IIRC what #6 uncovered was that the external plugin still imported the nvidia stuff from nomad, the act of which was enough to trigger an init block causing ??> bad things to happen. We may just need to finally cut a release with all the changes on the plugin side; let me try.

shoenig avatar Nov 03 '22 14:11 shoenig

Hi @tgross , I encountered the same problem today, by researching the code, I found that the Devices was not successfully updated in batchFirstFingerprints, maybe I can help fix it, so I made a PR, can you review it when you have time?

vuuihc avatar Nov 03 '22 17:11 vuuihc

Ah nice find @vuuihc, indeed this looks like fallout from https://github.com/hashicorp/nomad/pull/14139.

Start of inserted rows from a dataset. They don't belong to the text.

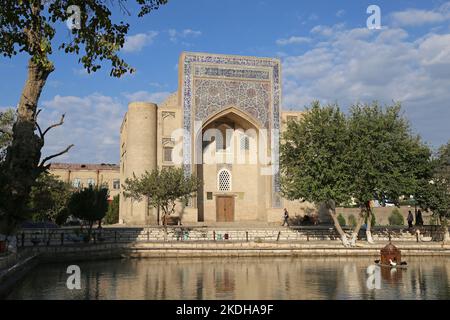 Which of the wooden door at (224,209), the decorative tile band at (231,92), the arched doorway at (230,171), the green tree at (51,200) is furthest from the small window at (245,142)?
the green tree at (51,200)

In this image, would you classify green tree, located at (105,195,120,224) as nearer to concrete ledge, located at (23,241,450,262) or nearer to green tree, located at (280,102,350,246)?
concrete ledge, located at (23,241,450,262)

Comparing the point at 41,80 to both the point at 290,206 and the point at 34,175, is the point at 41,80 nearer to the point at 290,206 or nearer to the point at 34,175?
the point at 34,175

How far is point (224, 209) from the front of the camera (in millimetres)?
31609

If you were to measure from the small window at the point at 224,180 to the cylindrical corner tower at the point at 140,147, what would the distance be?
4.38 meters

shoenig avatar Nov 03 '22 18:11 shoenig

Thanks for investigating and the PR @vuuihc! Fix should go out in the next releases of 1.4.x, 1.3.x, and 1.2.x

shoenig avatar Nov 03 '22 21:11 shoenig

I'm going to lock this issue because it has been closed for 120 days ⏳. This helps our maintainers find and focus on the active issues. If you have found a problem that seems similar to this, please open a new issue and complete the issue template so we can capture all the details necessary to investigate further.

github-actions[bot] avatar Mar 04 '23 02:03 github-actions[bot]